The Memo is by Deputy Assistant Secretary Richard E. Fairfax, the second in command at OSHA who reports directly to Dr. Michaels. It is addressed to all OSHA Regional Administrators and Whistleblower program managers. It is a remarkable document that is required reading for any one concerned with the FRSA.
The Fairfax Memo begins by confirming the link between public safety and the reporting of injuries:
If employees do not feel free to report injuries, the employer’s entire work force is put at risk. Employers do not learn of and correct dangerous conditions that have resulted in injuries, and ensuring that employees can report injuries without fear of retaliation is therefore crucial to protecting worker safety and health.
The Fairfax Memo “is intended to provide guidance to whistleblower investigative staff on several practices that can discourage employee reports of injuries and violate” the FRSA. It goes on to spell out “several practices that could discourage reporting and could constitute unlawful discrimination” in violation of the FRSA:
1. OSHA has received reports of employers who have a policy of taking disciplinary action against employees who are injured on the job, regardless of the circumstances surrounding the injury. OSHA views discipline imposed under such a policy against an employee who reports and injury as a direct violation of FRSA.
2. In another situation, an employee who reports an injury is disciplined, and the stated reason is that the employee has violated an employer rule about the time or manner for reporting injuries. Because the act of reporting the injury directly results in discipline, there is a clear potential for violating FRSA. An employer’s rules cannot penalize workers who do not realize immediately that their injuries are serious enough to report, or even that they are injured at all.
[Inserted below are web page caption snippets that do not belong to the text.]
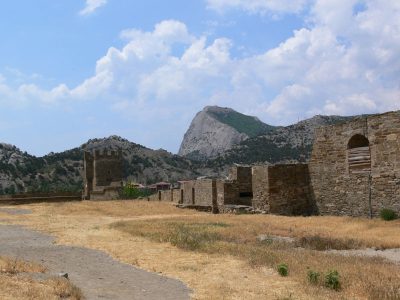 Mehr über den Artikel erfahren Unbedingt ansehen: Sudak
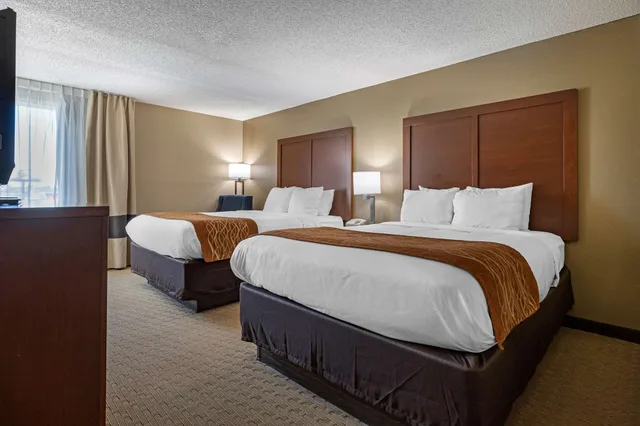 غرفة قياسية بسريرين كوين، Comfort Inn N Myrtle Beach Barefoot Landing 4/10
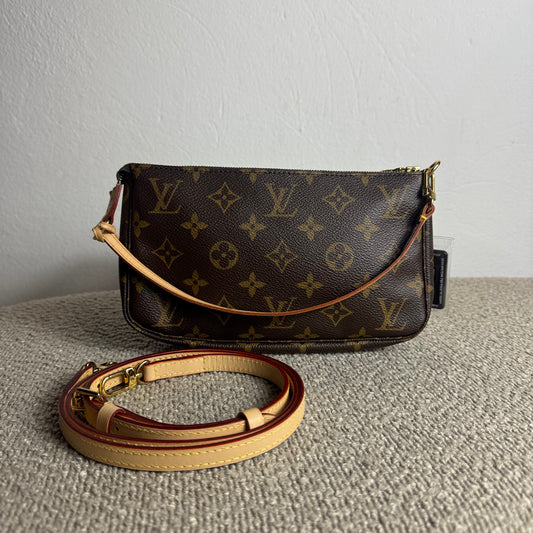 Louis Vuitton Pochette Accessoires Monogram inkl. langem Leder-Schulterriemen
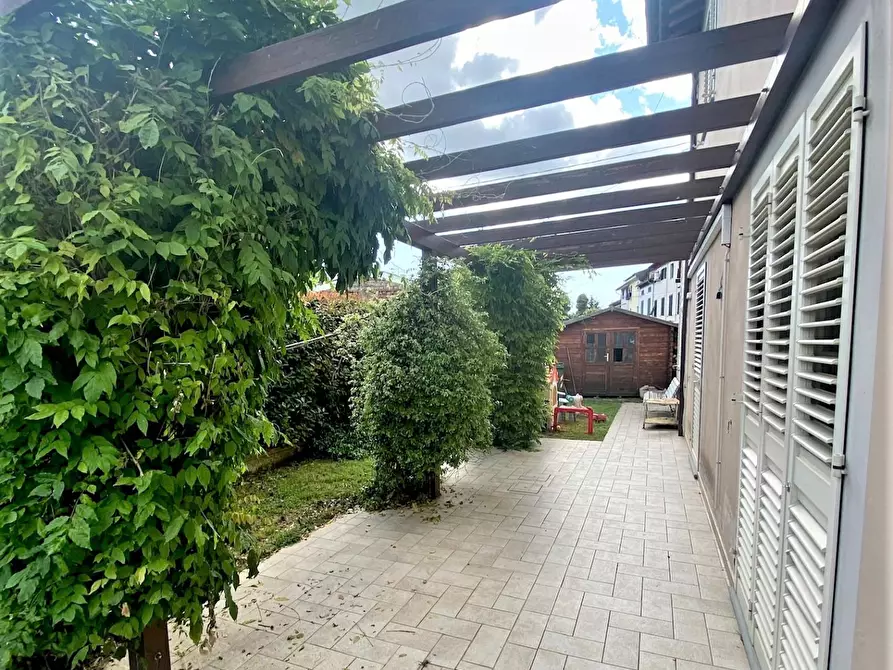 Immagine 6 di Villa in vendita  a Capannori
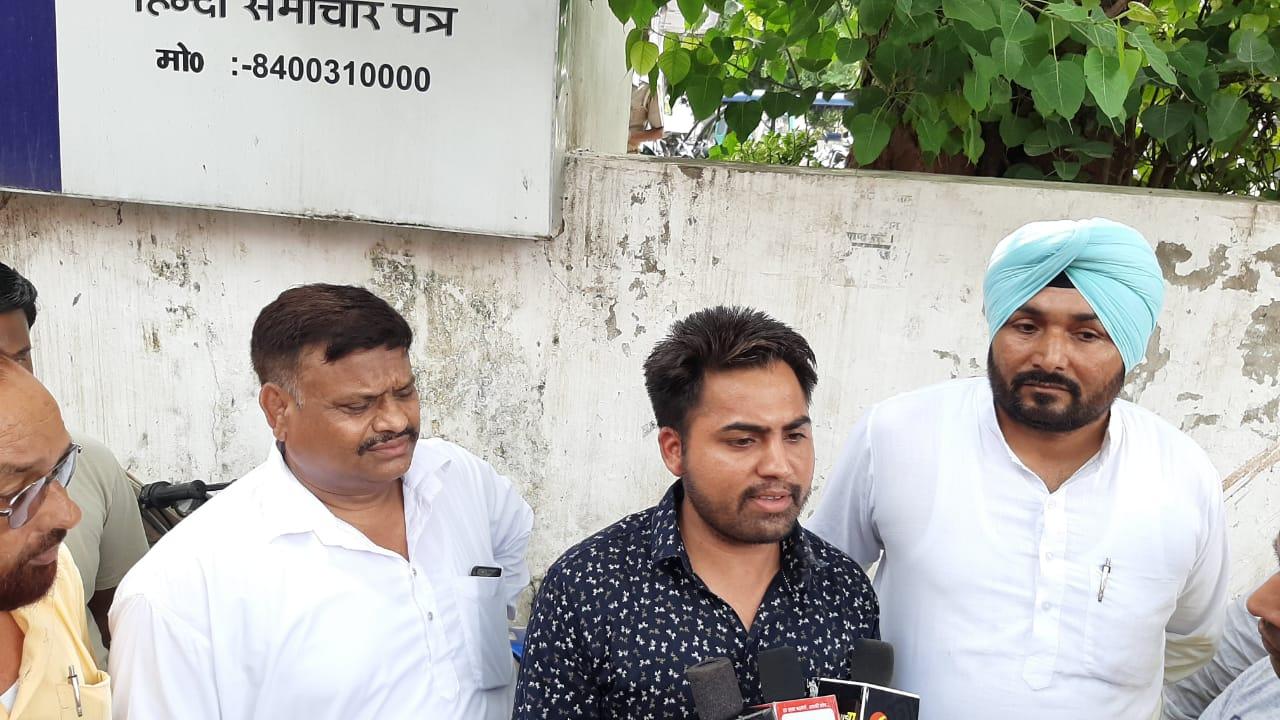 गोल्ड मेडलिस्ट रेशम सिंह के परिजन पहुॅचे थाने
3. In a third situation, an employee reports an injury, and the employer imposes discipline on the ground that the injury resulted from the violation of a safety rule by the employee. Several circumstances are relevant to determine if an employer is using a work rule as a pretext for discrimination against a worker who reports an injury. Does the employer monitor for compliance with the work rule in the absence of an injury? Does the employer consistently impose equivalent discipline against employees who violate the work rule in the absence of an injury? Vague rules, such as a requirement that employees “work carefully,” may be manipulated and used as a pretext for unlawful discrimination. Where such general rules are involved, the investigation must include an especially careful examination of whether and how the employer applies the rule in situations that do not involve an employee injury. Enforcing a rule more stringently against injured employees than noninjured employees may suggest that the rule is a pretext for discrimination against an injured employee in violation of FRSA.
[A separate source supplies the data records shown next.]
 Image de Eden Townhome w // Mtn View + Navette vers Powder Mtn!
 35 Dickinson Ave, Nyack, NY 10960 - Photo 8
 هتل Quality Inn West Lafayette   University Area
Thus the Fairfax Memo is a field manual for identifying the most common forms of discrimination against injured employees that violate the FRSA. For the complete text of the OSHA Fairfax Memo.
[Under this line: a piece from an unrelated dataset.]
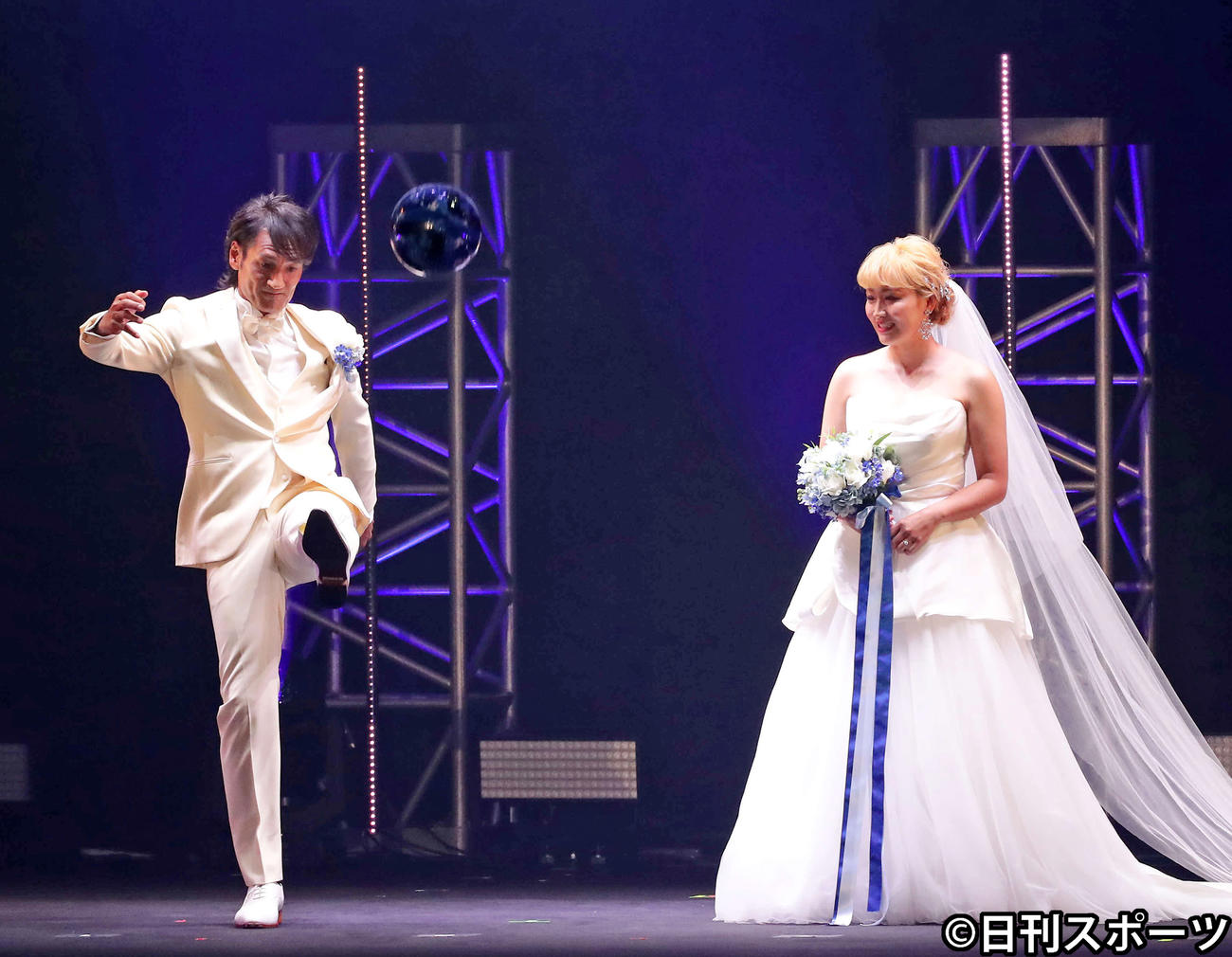 東京ガールズコレクションでリアルに挙式し、サッカーボールを蹴る本並健治氏（左）と丸山桂里奈（撮影・丹羽敏通）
Taken together, what is the meaning of these two major new FRSA landmarks?
For generations, railroad managers were free to play a private game stacked in their favor. When it came to disciplining workers who reported injuries, managers simply filed the charges and then formed a flying wedge that trampled the employee and his hapless union rep and ground them into the dirt. No outside party was allowed to interfere or intervene in this private ritual of abuse. But these two new landmarks confirm those days are over.
Now, thanks to the FRSA, a legion of OSHA investigators have infiltrated the playing field and are blowing the whistle on managers, trying to hold them accountable for their retaliatory conduct. And true to form, the managers have done their best to ignore those OSHA investigators, treating their Findings as mere nuisances to be reflexively appealed.
But now an amazing thing has happened. Because the FRSA allows employees to subject railroads to federal court jury trials, for the first time the private gates have opened and the public itself has flooded into the playing field, surrounding the managers. For the first time, the sunshine of jury trials is publicly exposing the abusive conduct of rail managers. And for the first time, rail managers are being subjected to the withering stare of citizens who have the power to express the outrage and disgust of the community by awarding punitive damages.
And jurors truly are disgusted by what they see. Disgusted by the smug arrogance of railroad managers who believe it is their inherent right to abuse injured workers with impunity. Disgusted by the recklessly unsafe culture of retaliation rail management hides behind the window dressings of safety. OSHA sees it clearly now, as evidenced by the Fairfax Memo. And jurors see it clearly as well, as evidenced by the million dollar message in the first FRSA jury verdict. A fundamental shift in power has occurred. The game has changed, and now managers who remain blinded by arrogance will be the ones trampled and ground into the dirt.